My first awareness of limited water was in 2009.
Our neighborhood’s well was shut off after nitrates were discovered in the water. Although we were reconnected to the local town’s water supply, our neighborhood was informed we couldn’t use culinary water for landscape watering.
As an avid gardener I had already planted my gardens, and that summer I watched helplessly as our fruit trees and lawn roasted and vegetable plots withered. I tried reusing water after the dishwasher and washing machine’s wash cycles and had family members post 5-gallon buckets in the shower to capture the water that would typically have gone down the drain.
Parts of town outside our neighborhood weren’t restricted from watering their landscapes. It was frustrating to drive through town and pass bright green lawns and I would lament being unable to keep vegetables alive. One day, at the end of my rope, I pulled everything in my garden.
Perhaps it takes an experience of water scarcity before we take water usage seriously. I know that experience shaped how I have gardened ever since. For instance, before 2009, I believed that a vegetable plant needed water every day but now my garden is watered every third day. My lawn is no longer a single, continuous lush green. I’ve incorporated more rocks, gravel, and bark into my landscaping.

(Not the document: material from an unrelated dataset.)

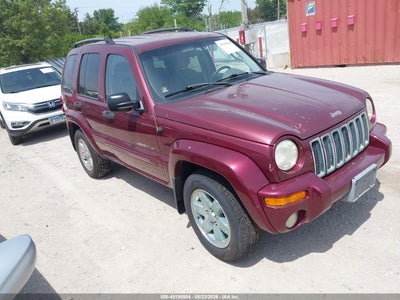 2002 JEEP LIBERTY LIMITED EDITION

In the past, it would rain and people would say ‘See, we’re not in drought.’ They don’t say that anymore. People see how much water levels have dropped in Lake Powell and the Great Salt Lake. They may be experiencing the effect of low water levels in the Great Salt Lake on air quality. They know about water quality issues affecting Utah Lake. In Utah, the years ahead are going to become even more challenging in terms of water, fire management, and air quality. As we continue to experience population growth, we need to consider how to preserve the recreational opportunities and quality of life we treasure. The time to address these issues is now.
USU’s new Janet Quinney Lawson Institute for Land, Water and Air (ILWA) can help. The institute was created in 2021 to bridge USU’s research and outreach expertise in natural resources with legislative leaders and agencies. I’m particularly excited about hiring ILWA’s first director, Brian Steed ‘97, M.A. ‘00, who was formerly executive director for natural resources in Governor Spencer Cox’s administration. Brian will serve as the key liaison between the institute, USU, and civic partners.
Brian is an Aggie. He earned both his undergraduate and graduate degrees in political science from USU before getting his Ph.D. in public policy with an emphasis in environmental policy from Indiana University Bloomington and a J.D. from the S.J. Quinney College of Law at the University of Utah, with a certificate in natural resources and environmental law. He has spent his professional career tackling natural resources issues. Prior to his position in Utah’s Department of Natural Resources, he was deputy director for policy and programs for the U.S. Bureau of Land Management. Brian has also taught political science and economics at USU. He understands the valuable role researchers play in generating scientific data and evaluating solutions. And he knows how to communicate such findings in a way that translates to workable policy. I cannot imagine a better person to lead this institute.
After two decades of western drought, I think we need to learn to limit how much water we are using. It isn’t just going to be business as usual or gardening as usual. I’m ready to do my part. I hope you will join me.